Disorders of vitamin B₁₂ (cobalamin) metabolism in children can be manifested by numerous symptoms. They result from the dysfunction of many systems, including the central nervous system. The most common cause of cobalamin deficiency in infants is inadequate supplementation of the vitamin with food. This mainly affects children who are exclusively breastfed by mothers who follow a diet with insufficient supplementation of vitamin B₁₂, including an imbalanced vegetarian or vegan diet. Adequate vitamin B₁₂ supplementation is essential for the proper growth and development of a child. However, attempts to compensate for severe vitamin B₁₂ deficiency can paradoxically lead to severe adverse reactions to vitamin B₁₂ treatment.

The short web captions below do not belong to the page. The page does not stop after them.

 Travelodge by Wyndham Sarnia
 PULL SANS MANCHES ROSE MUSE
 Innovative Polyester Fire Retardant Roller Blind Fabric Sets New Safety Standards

In this paper, we present a case of a 10-month-old boy with global developmental delay, muscle hypotonia, and profound vitamin B12 deficiency with megaloblastic anemia. The boy developed pathological neurological signs after intramuscular injections of vitamin B₁₂. The symptoms included muscle tremors of the upper extremities, head, tongue, and lips. A broad differential diagnosis including inborn errors of metabolism and other genetic disorders is discussed. We describe treatment that led to the complete resolution of symptoms related to the side effects of the B₁₂ therapy. The patient’s psychomotor development during over 1 year of clinical follow-up is also analyzed.